I would think that the first definition is correct (it depends a little bit on the way the cases are recorded, i.e. whether “confirmed” is adjusted for deaths already, but I don’t think it is).

Ah, ok! Thank you 🙂

Thanks for such a great post on the COVID-19 models. I’ve also updated for the UK in a similar post here

https://tjwilding.wordpress.com/2020/03/20/epidemic-modelling-of-covid-19-in-the-uk-using-an-sir-model/

Please let me know if you think anything should be added and thanks again.

This is my code for the case of Bangladesh— I understand the zero values have impact on log-scale graph; but I also noticed that the beta and gamma values are so close in this model which is 0.5045723 and 0.4954277 respectively that ultimately generates a meaningless SIR graph. Any thoughts?

Thank you for sharing this with us. I plan to publish two guest posts that address those issues, so stay tuned.

…the first part is now online: Contagiousness of COVID-19 Part I: Improvements of Mathematical Fitting (Guest Post)

Thanks a lot, Professor. I will certainly check out the article.

Hello Kibria,

you get this R0 value so close to 1 because the numbers of infected people in Bangladesh are deviating from exponential growth already very early.

The relative growth rate of infected people dlog(I)/dt or (dI/dt)/I is

Initially, when (S/N = 1), this growth is approximately exponential with a growthrate . But this growth rate will decrease as the term S/N is decreasing, due to the decrease of susceptible people.

The decrease of the growth rate will be relatively faster when either N is small or when R0 is close to zero.

——————————

You may wonder whether the SIR model is applicable to the case of Bangladesh. I imagine that at this stage many cases are seeded from other parts of the world and do not reflect a growth in Bangladesh (you do not see a clear pseudo exponential growth of cases, and it is actually very difficult to make the optimizer converge, also wen you change the number of people N).

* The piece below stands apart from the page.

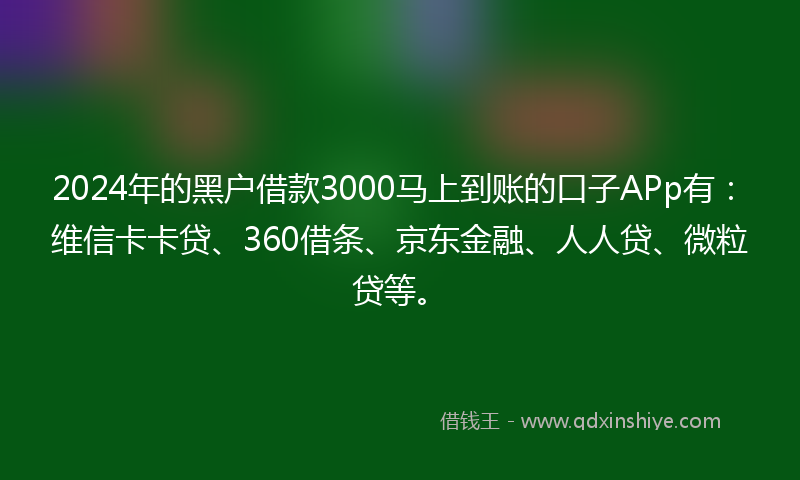 2024年的黑户借款3000马上到账的口子APp有：维信卡卡贷、360借条、京东金融、人人贷、微粒贷等。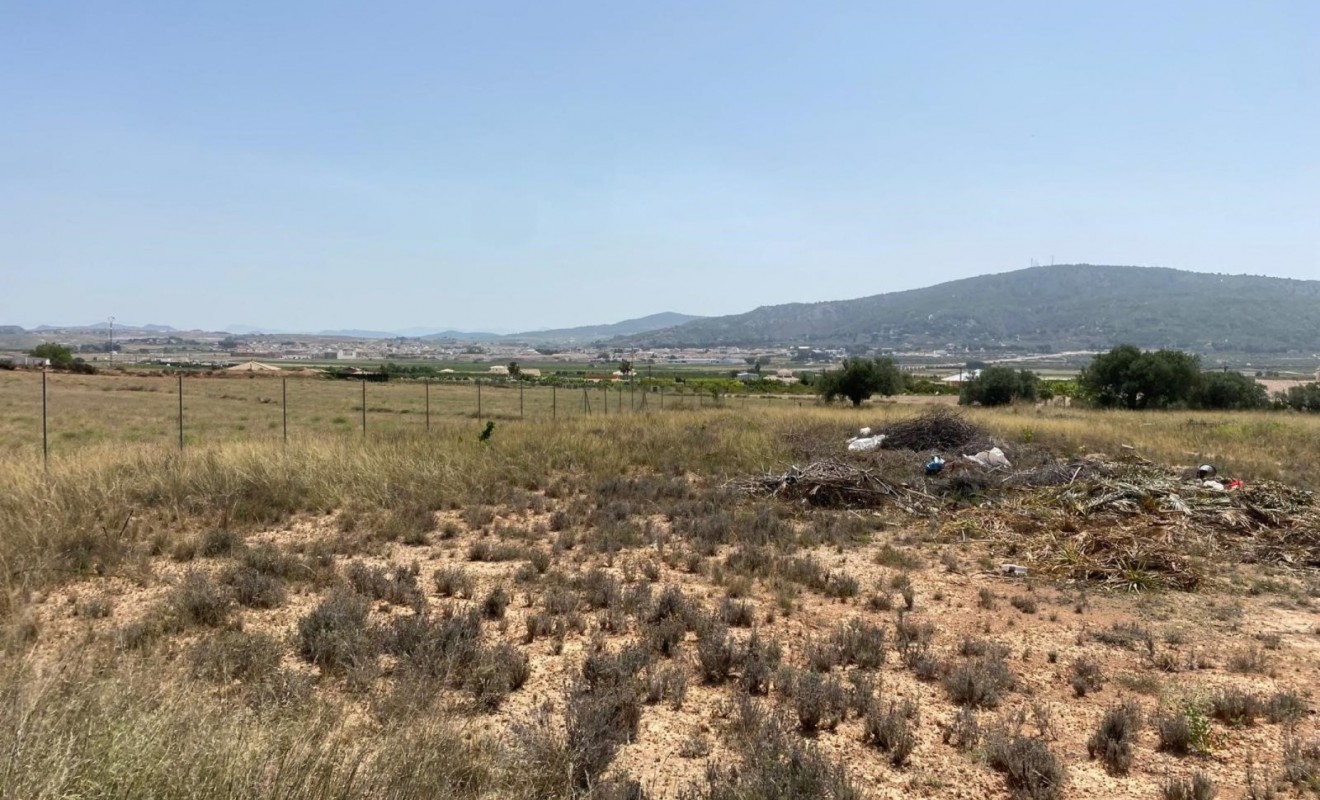 New Build - Villa - Pinoso - Camino Del Prado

In addition, even when you do have growth, then there may be all kinds of reasons why you get a deviation from exponential growth (1) measures like quarantaine (2) R0 (beta/gamma) not constant in time (e.g. due to weather) (3) unequal distribution in time before people get sick (causing some initial irregularities and sudden rises in statistics) (4) selection bias in testing and disease classification (5) spread is spatial (SIR model assumes homeogenoeus spread, but for an sick person it is not equally likely to infect any of the 171 million people in Bangladesh; instead you will see some kind of spread growing like an ink blob)

The SIR model will ‘mistake’ all those reasons for a low R0 (or when you fit N instead of R0 you might estimate a low N).

Dear Martijn,

Thanks a lot for taking time to review the codes and clarifying the situation. I understand your points. To be frank, Bangladesh made an excellent NPI effort to control the outbreak. Anyway, do you have any suggestion which method should work under this circumstances?

many thanks again,

kibria

Hi Professor,

Could you kindly do me a huge favour and critique my latest analysis for NSW in Australia.

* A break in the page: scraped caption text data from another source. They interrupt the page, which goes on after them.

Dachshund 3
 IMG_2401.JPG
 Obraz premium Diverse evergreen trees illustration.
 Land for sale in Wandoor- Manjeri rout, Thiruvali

* The repository is here: https://github.com/JoeFernando/nsw_2021_corona

* Code is fully self contained and is here https://github.com/JoeFernando/nsw_2021_corona/blob/main/code/nsw_forecast.R

I have also included a readme in the repo.

Would very much appreciate your feedback.

Thanks in advance.

Kind regards

Joe

Thank you for taking my model as the basis of your calculation, Joe. I haven’t checked all of the details (obviously) but the general approach seems fine to me.